Some farming practices (excess fertilization and manure, for example) can degrade our Nation's natural resources while others (such as preserving land for wildlife) can enhance our natural heritage. USDA conservation programs offer producers a range of options for assistance with conservation efforts.
ERS analyzes the use and efficacy of conservation practices and of Federal programs and policies aimed at combating the harmful effects of agriculture as they relate to soil quality, water quality, air quality, wildlife habitat, and wetlands preservation.
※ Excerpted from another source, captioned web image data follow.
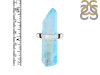 Aqua Aura Pencil Rod Ring-R-Size-5 AQA-2-14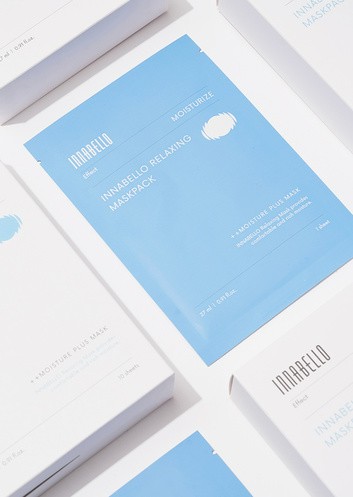 INNABELLO 每日水潤舒緩面膜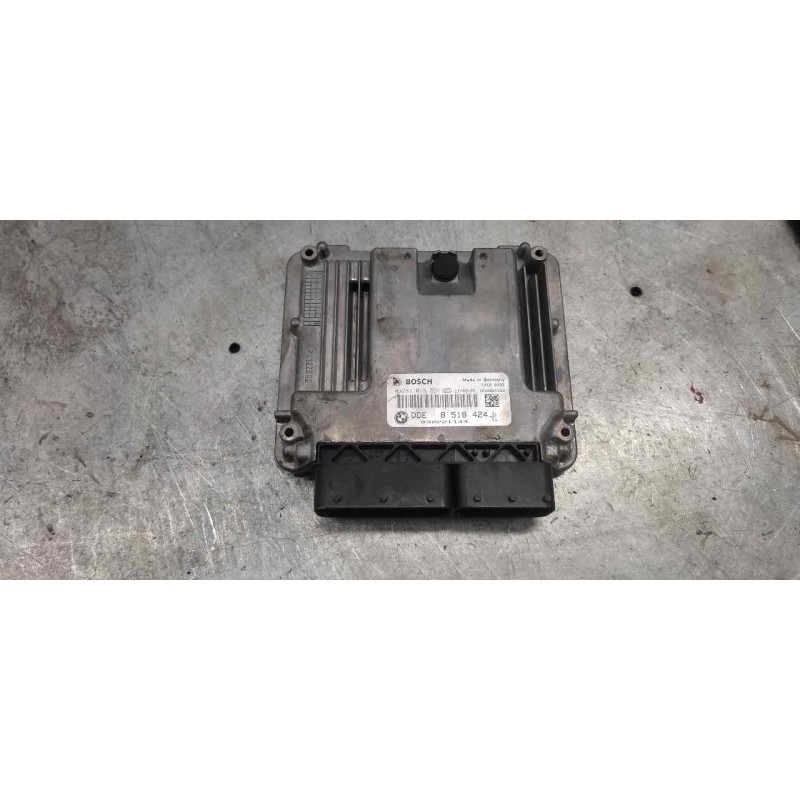 Recambio de centralita motor uce para bmw serie 1 lim. (f20) 118d referencia OEM IAM 0281018594 851842401 1039S51582 4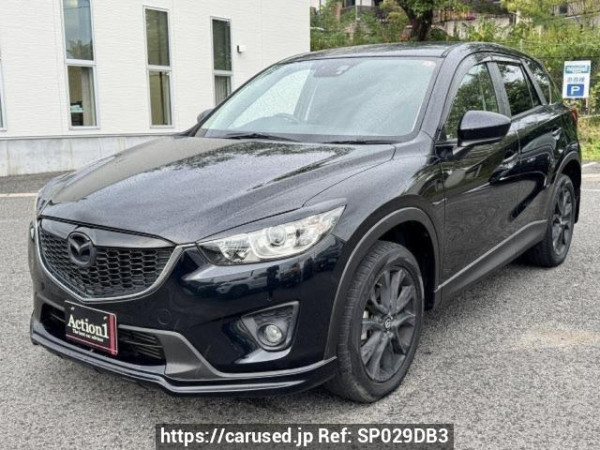 Used 2014 AT mazda cx-5 KE2AW Image[0]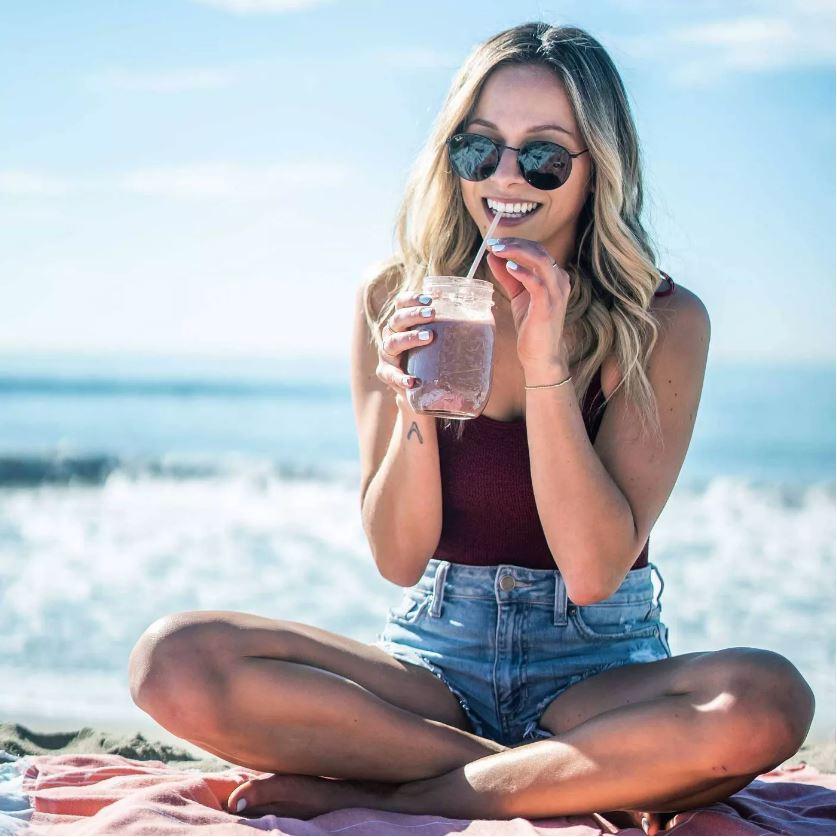 Aircarbon straws - Biodegradable Regenerative Foodware - 5.30 Inch - Pick On Us, LLC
Consumer demand for organically produced goods has shown double-digit growth for well over a decade, providing market incentives for U.S. farmers across a broad range of products. Growth in organic agricultural production is occurring in both developed and developing countries worldwide, and the competition for major consumer markets in developed countries, particularly the United States and Europe, is increasing. ERS research on organic agriculture looks at these issues, and the chapter on organic trade has been updated with this release.